↓↓↓

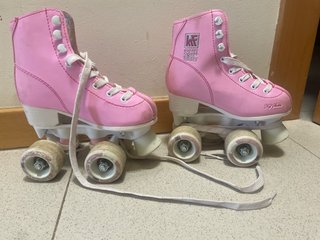 Patines de cuatro ruedas KRF rosa talla 29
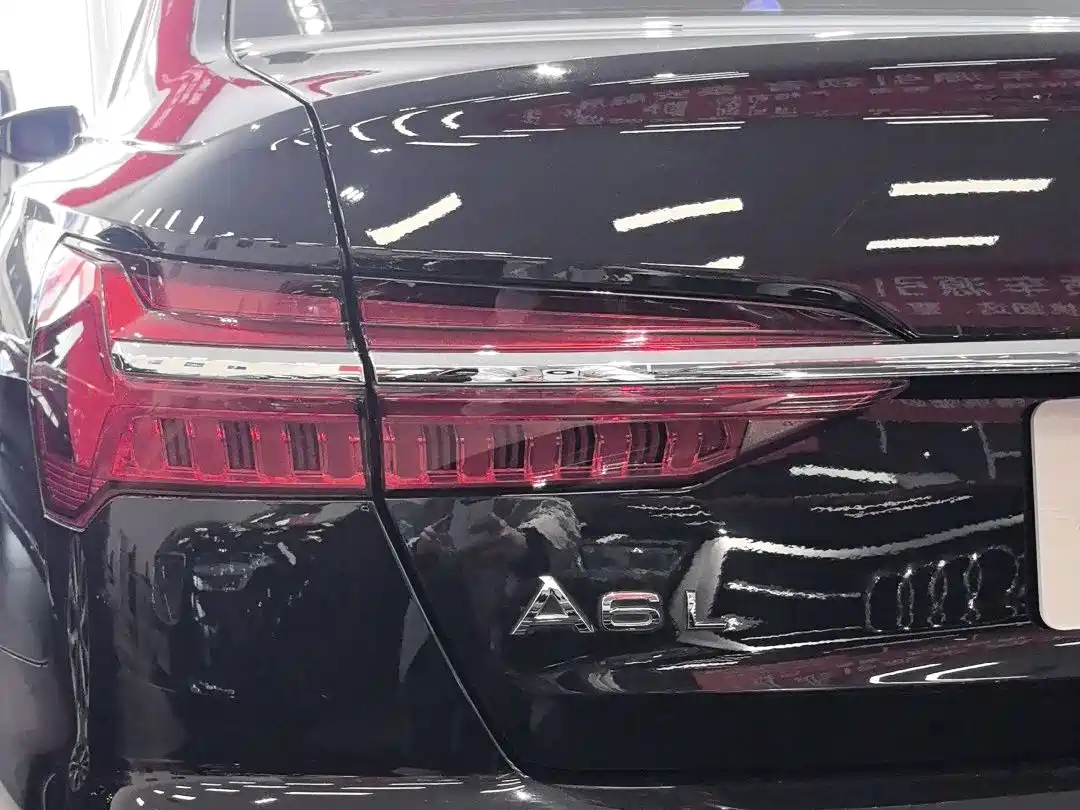 Audi A6L 2019 45 TFSI quattro Premium Elegance фото 17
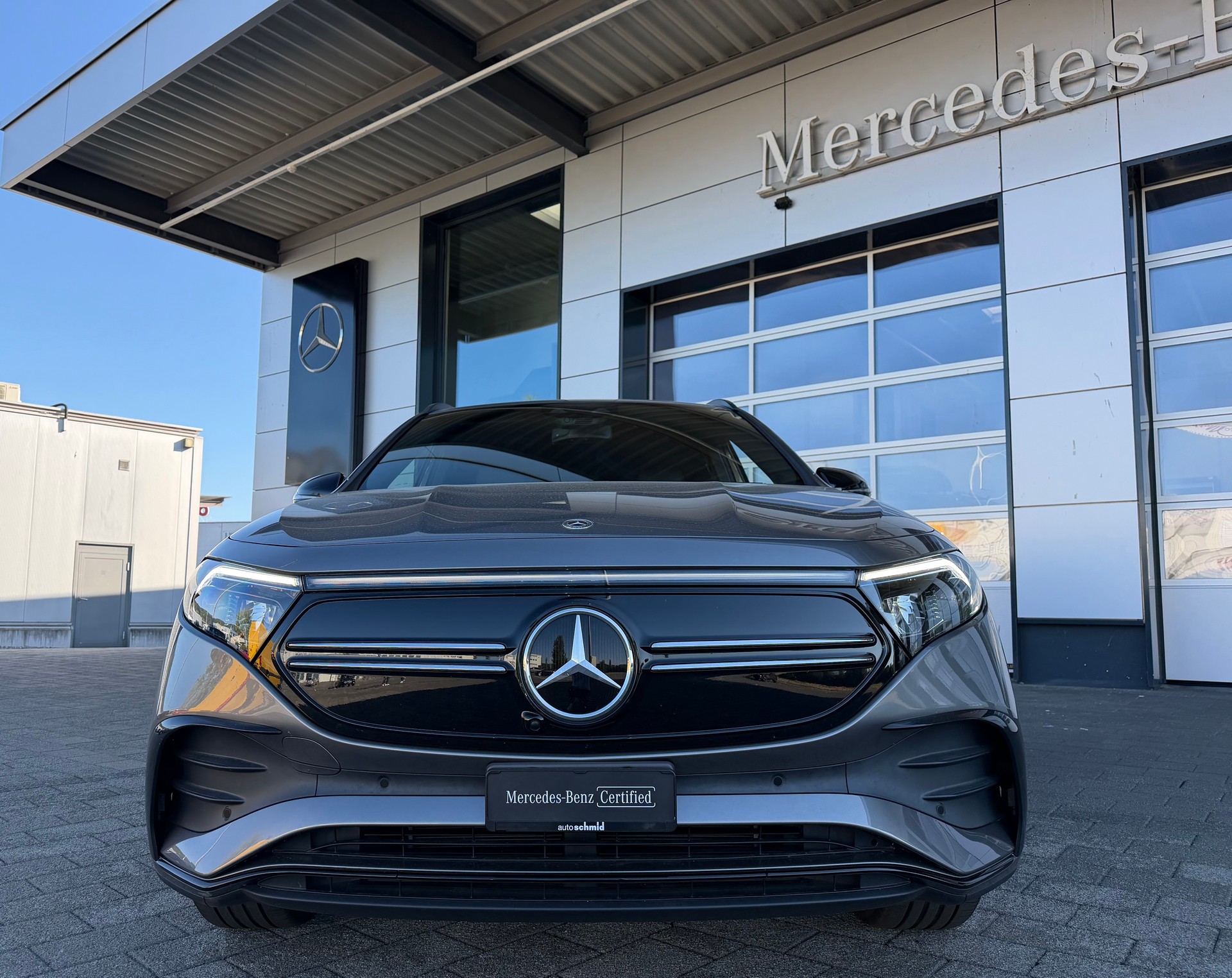 MERCEDES-BENZ EQA 250 AMG Line - 3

↑↑↑

▸ Task requirements: Repeat the material above in full and exactly, omitting the pictures.

▸ Written answer:
 Patines de cuatro ruedas KRF rosa talla 29
 Audi A6L 2019 45 TFSI quattro Premium Elegance фото 17
 MERCEDES-BENZ EQA 250 AMG Line - 3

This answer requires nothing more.